Reproduce the data below in full and exclude every picture.

_THE DATA_
►

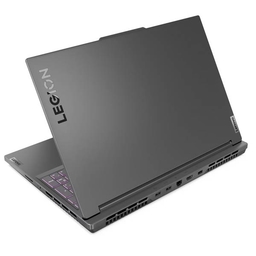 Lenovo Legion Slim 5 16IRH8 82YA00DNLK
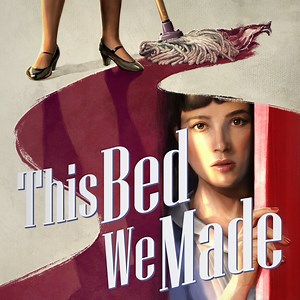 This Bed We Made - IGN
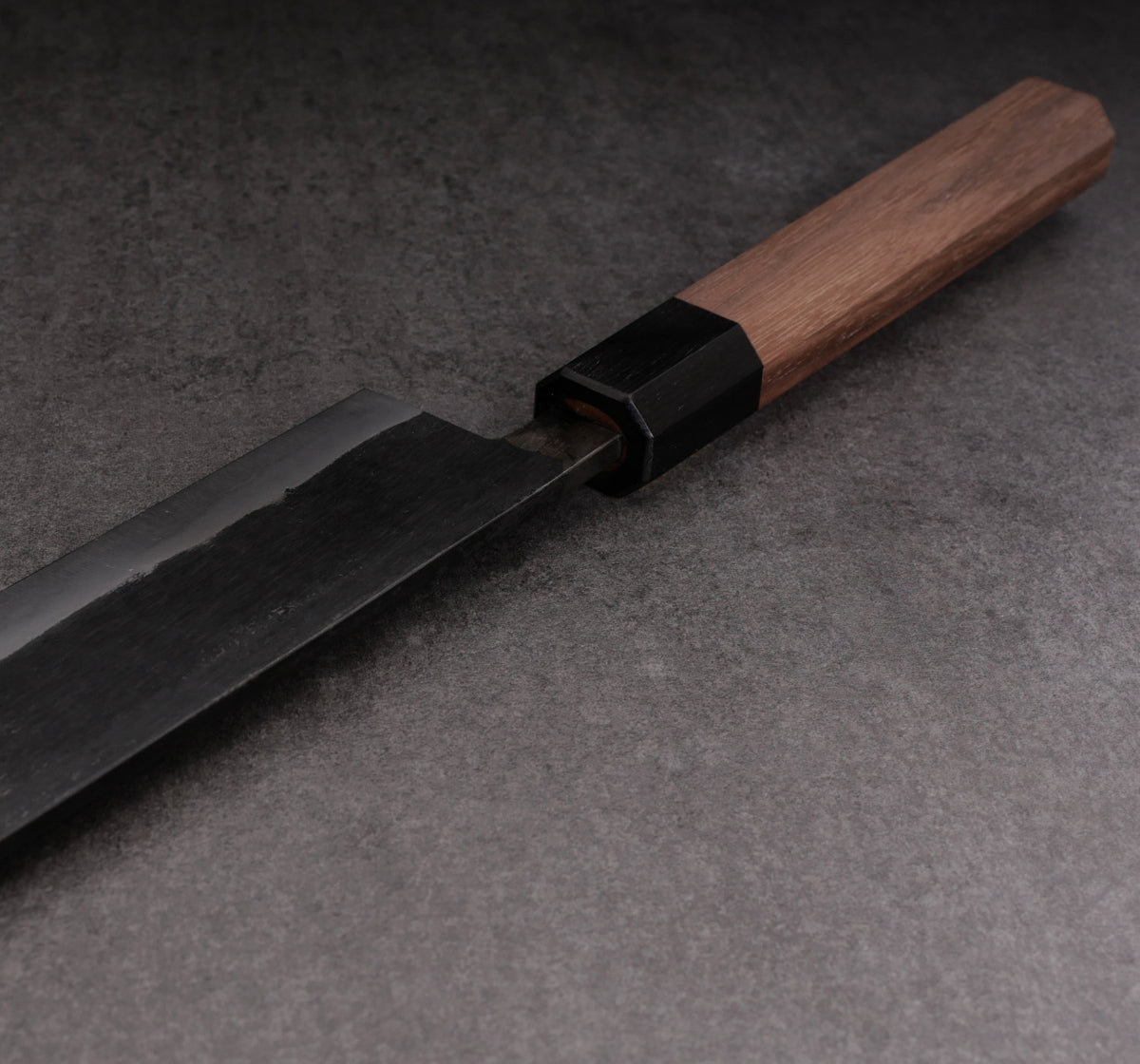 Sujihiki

◄

_WORKED SOLUTION_
 Lenovo Legion Slim 5 16IRH8 82YA00DNLK
 This Bed We Made - IGN
 Sujihiki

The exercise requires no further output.